# <center> Getting Started with Pandas </center>

- [Import Pandas Library](#section_1)
- [Check Library Version](#section_2)
- [Anatomy of Pandas Data Structures](#section_3)
- [Understand Pandas Data Types](#section_4)
- [Pandas Syntax Structure](#section_5)

<hr>

### How to Import Pandas Library <a class="anchor" id="section_1"></a>

The easiest way to start using Pandas library is to get the Python Anaconda distribution, a cross-platform distribution for data analysis and scientific computing. The distribution has more than 250 of the most commonly used data science packages and tools such as Pandas, Scikit Learn, Jupyter, and so on. 


To start using Pandas in your analysis environment, you need to run the `import` command.

In [1]:
# Import Pandas library
import pandas as pd

### Check Current Version of Pandas library
To check your current version of Pandas library, you can run the `version` command.

In [2]:
# Check Pandas version
pd.__version__

'1.2.5'

### Anatomy of Pandas Data Structures
The three main Pandas data structure objects are:


- **DataFrame** object is a two-dimensional labeled structure that can hold data in rows and columns. 
- **Series** object is a one-dimensional labeled structure with a descriptive name and unique data type
- **Index** object used for storing axis labels for all Pandas objects.
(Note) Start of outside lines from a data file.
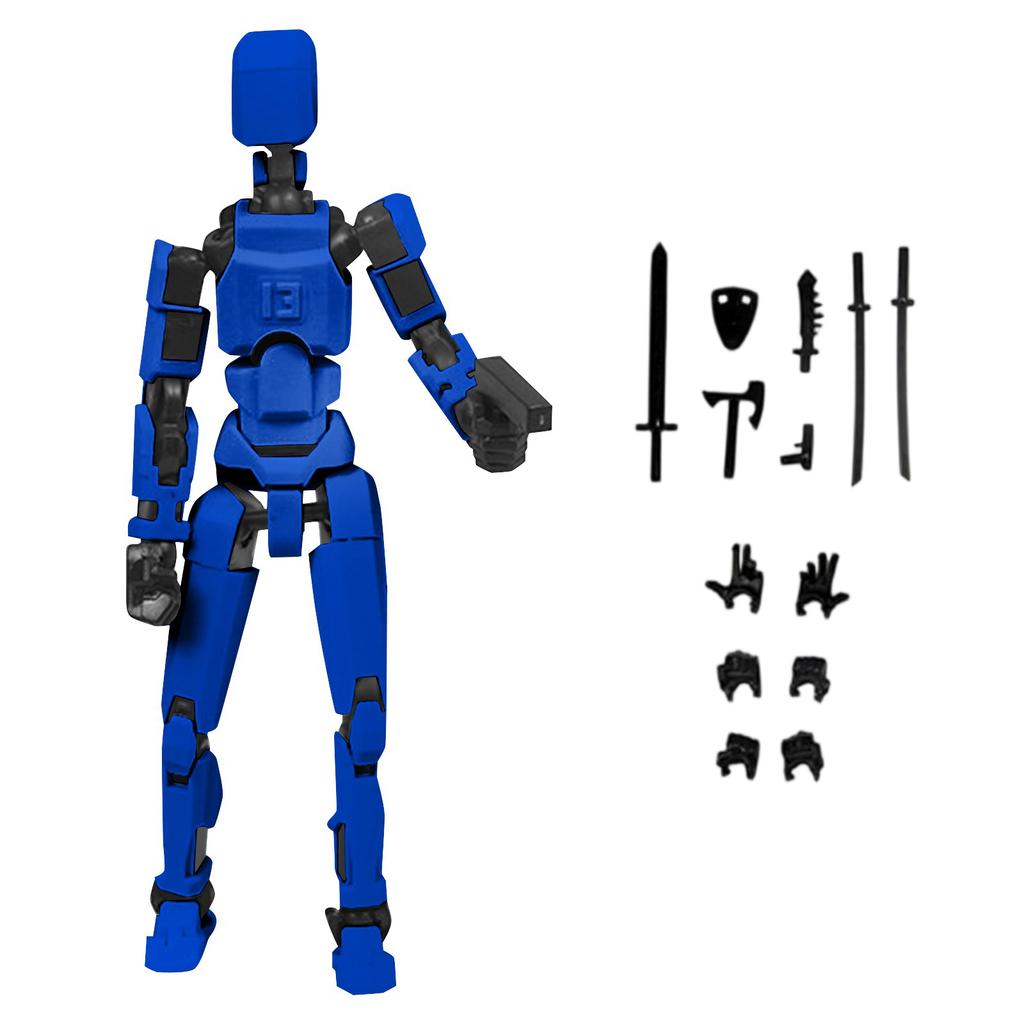 Articulated Action Figure with Interchangeable Parts and Accessories, Durable Red Design for Creative Play and Collecting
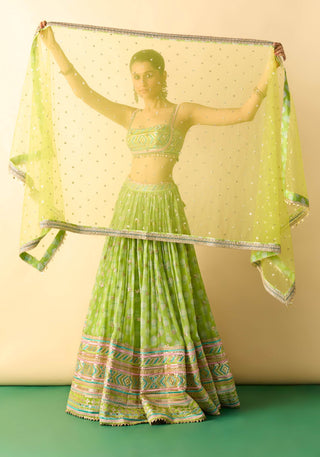 Lime green ivory micro-dot lehenga set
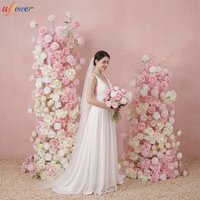 Uflower Pink White Rose Wedding Decor KT Board Floral Row Arrangement Event Stage Supplies Photo Prop Baby Breath Window Display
In the example below, we see a Pandas DataFrame object about countries. The DataFrame consists of five different Series objects ("country_code", "country_name", "capital_city", "population_size", "national_day") with index values from 0 to 4. Later on, you will learn how you can use the DataFrame index to select specific data values.

### Pandas Data Types

In our countries DataFrame example, notice we have five different columns or series objects. Some of them have text data, some numerical data, and some datetime data type. 

The pandas library can support seven different data types, and it's really important for data professionals to understand the usability of each data type. 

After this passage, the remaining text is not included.